====== THE DATA ======

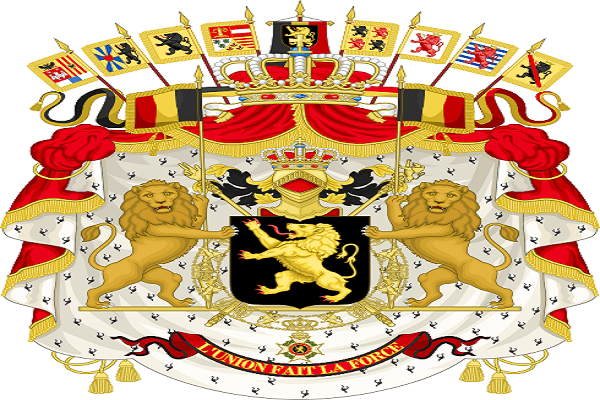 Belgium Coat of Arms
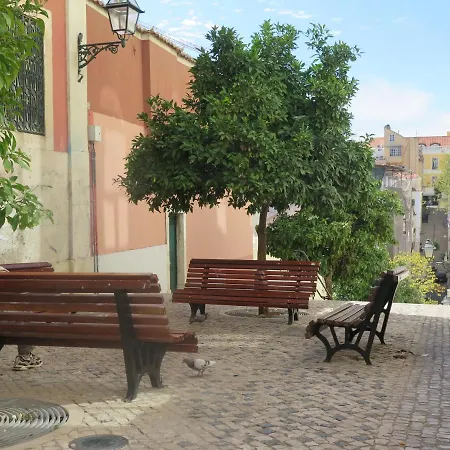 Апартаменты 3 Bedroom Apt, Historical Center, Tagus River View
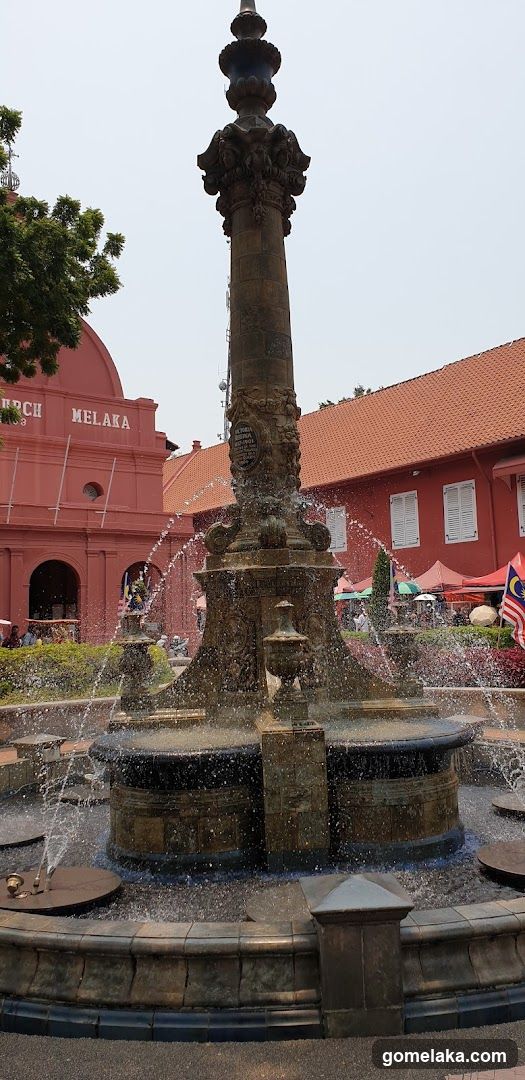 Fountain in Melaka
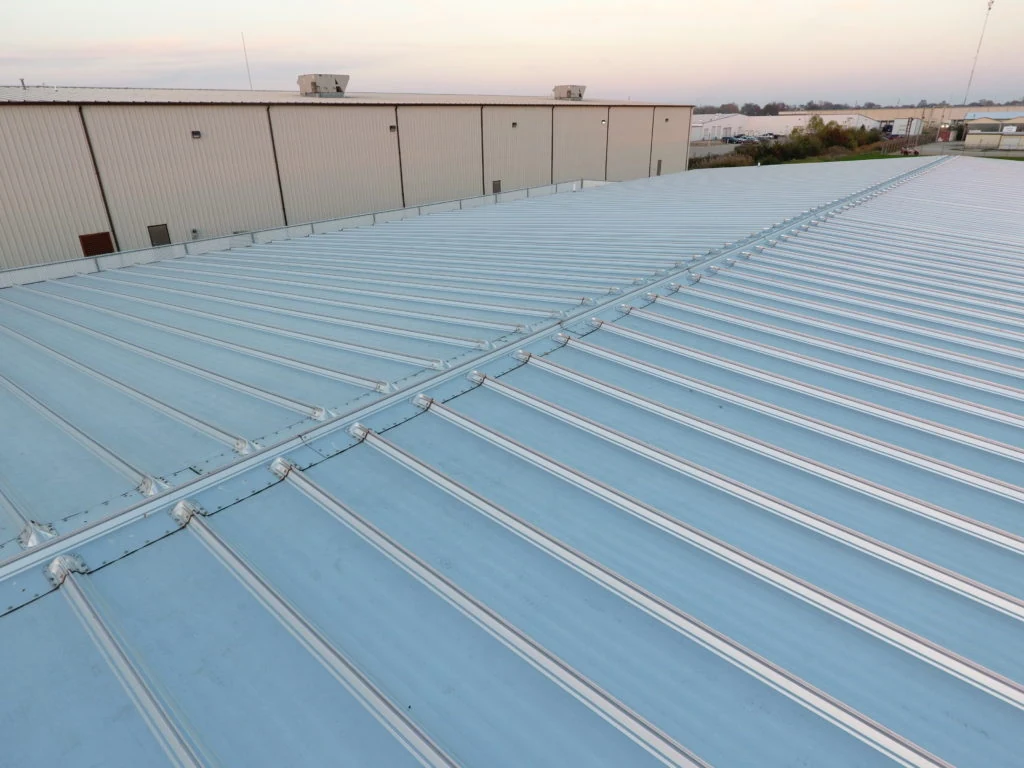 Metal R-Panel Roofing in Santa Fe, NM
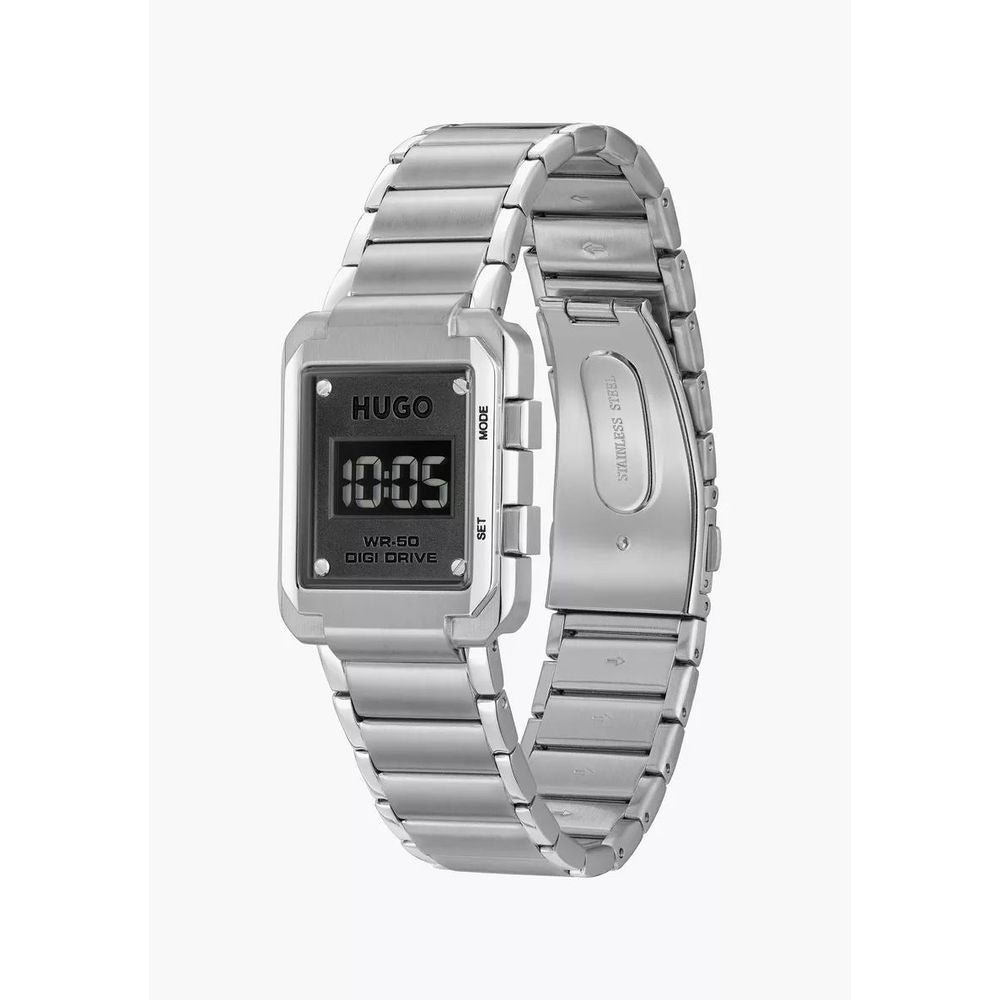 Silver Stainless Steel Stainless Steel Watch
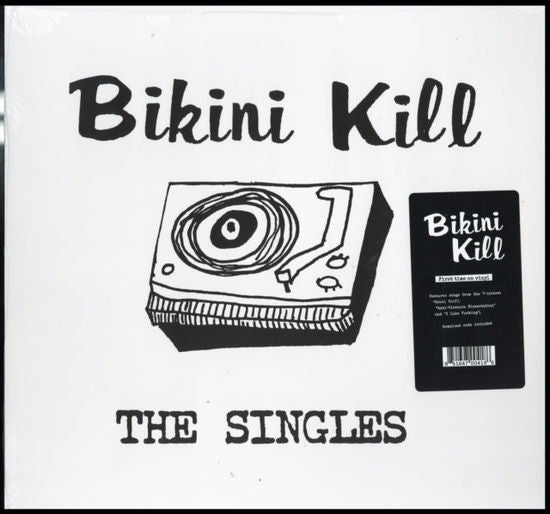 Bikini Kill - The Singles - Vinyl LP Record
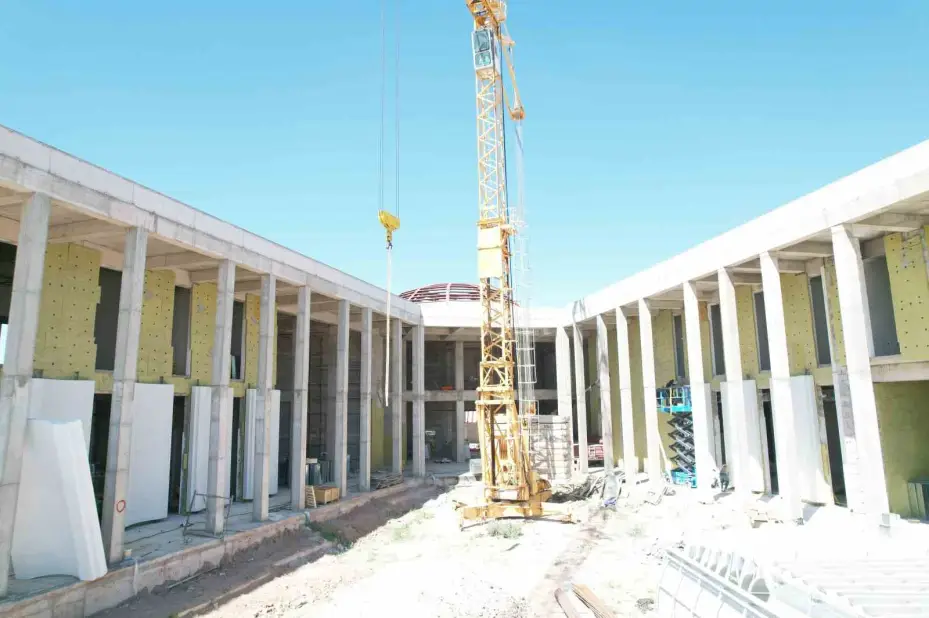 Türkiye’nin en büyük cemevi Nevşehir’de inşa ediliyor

======
====== THE DATA ======

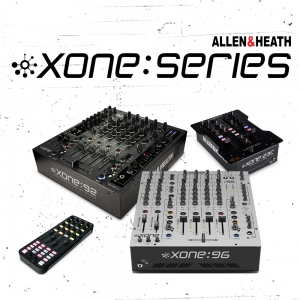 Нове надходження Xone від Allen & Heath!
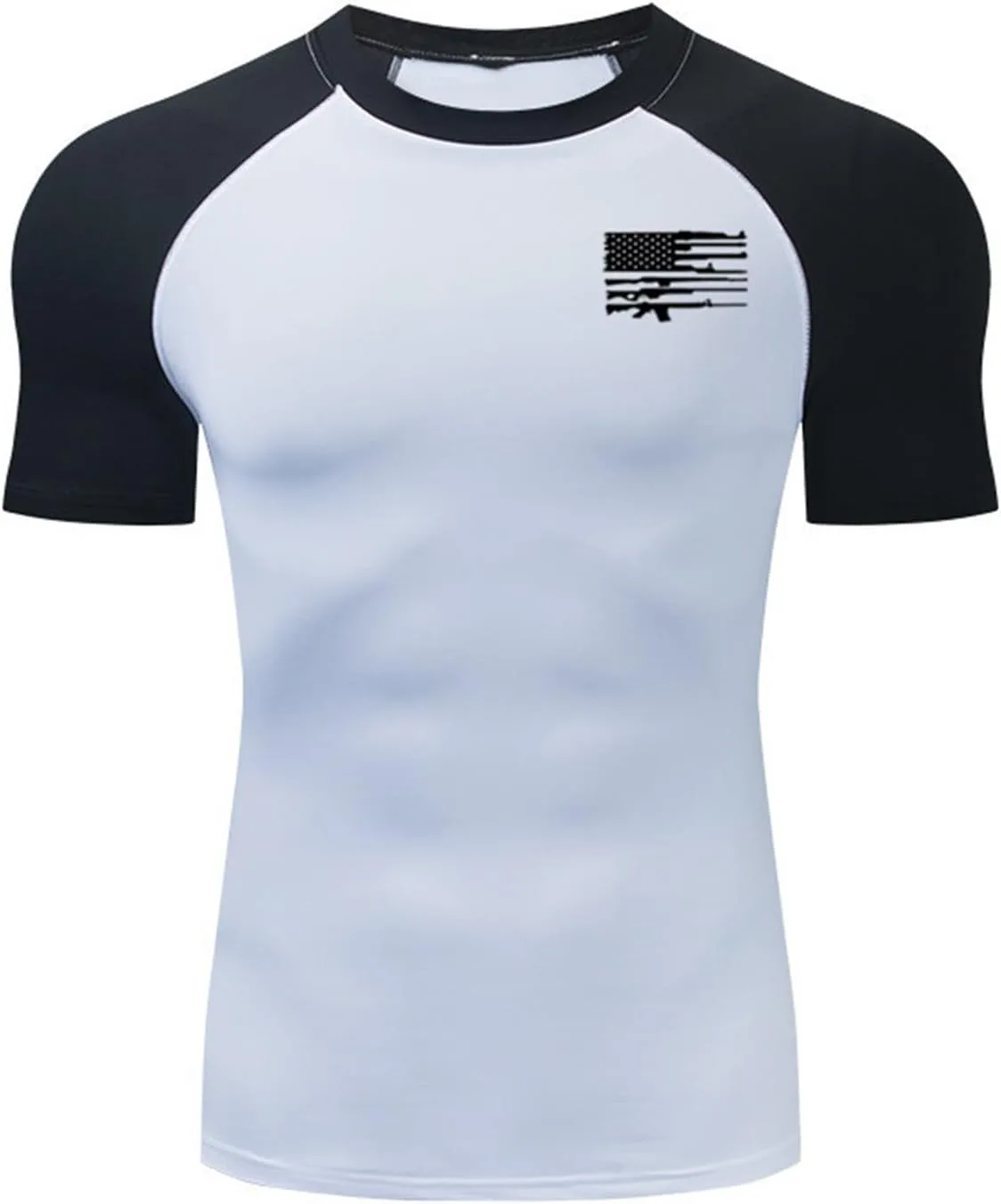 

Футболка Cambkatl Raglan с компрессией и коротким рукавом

======
====== THE DATA ======

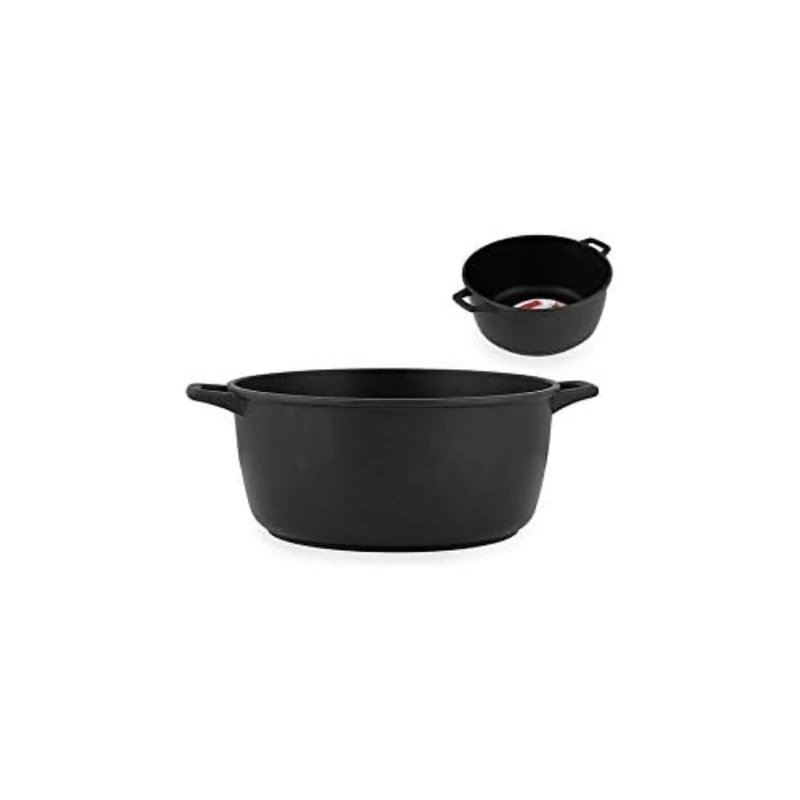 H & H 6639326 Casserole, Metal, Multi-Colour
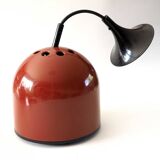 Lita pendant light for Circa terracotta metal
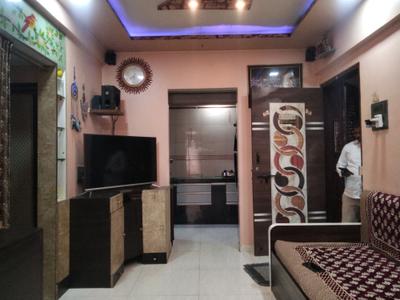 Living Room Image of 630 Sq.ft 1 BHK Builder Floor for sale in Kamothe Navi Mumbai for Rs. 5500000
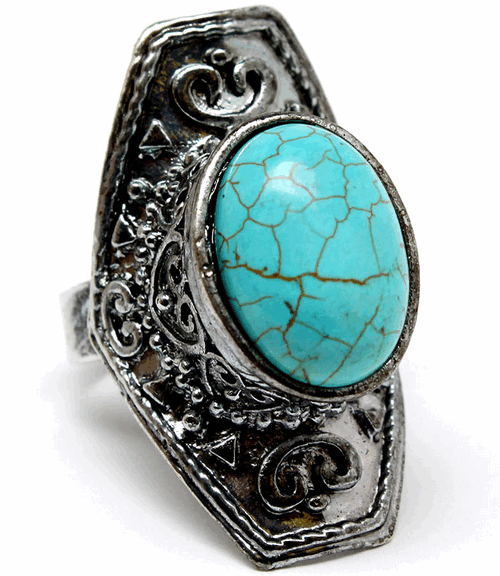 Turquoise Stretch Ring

======

TASK ITEM: In the listing above, find the line with "Belgium Coat of Arms" and the line with "Türkiye’nin en büyük". Set down both and every line between them, minus the pictures.

RESPONSE FOR THIS EXERCISE:
 Belgium Coat of Arms
 Апартаменты 3 Bedroom Apt, Historical Center, Tagus River View
 Fountain in Melaka
 Metal R-Panel Roofing in Santa Fe, NM
 Silver Stainless Steel Stainless Steel Watch
 Bikini Kill - The Singles - Vinyl LP Record
 Türkiye’nin en büyük cemevi Nevşehir’de inşa ediliyor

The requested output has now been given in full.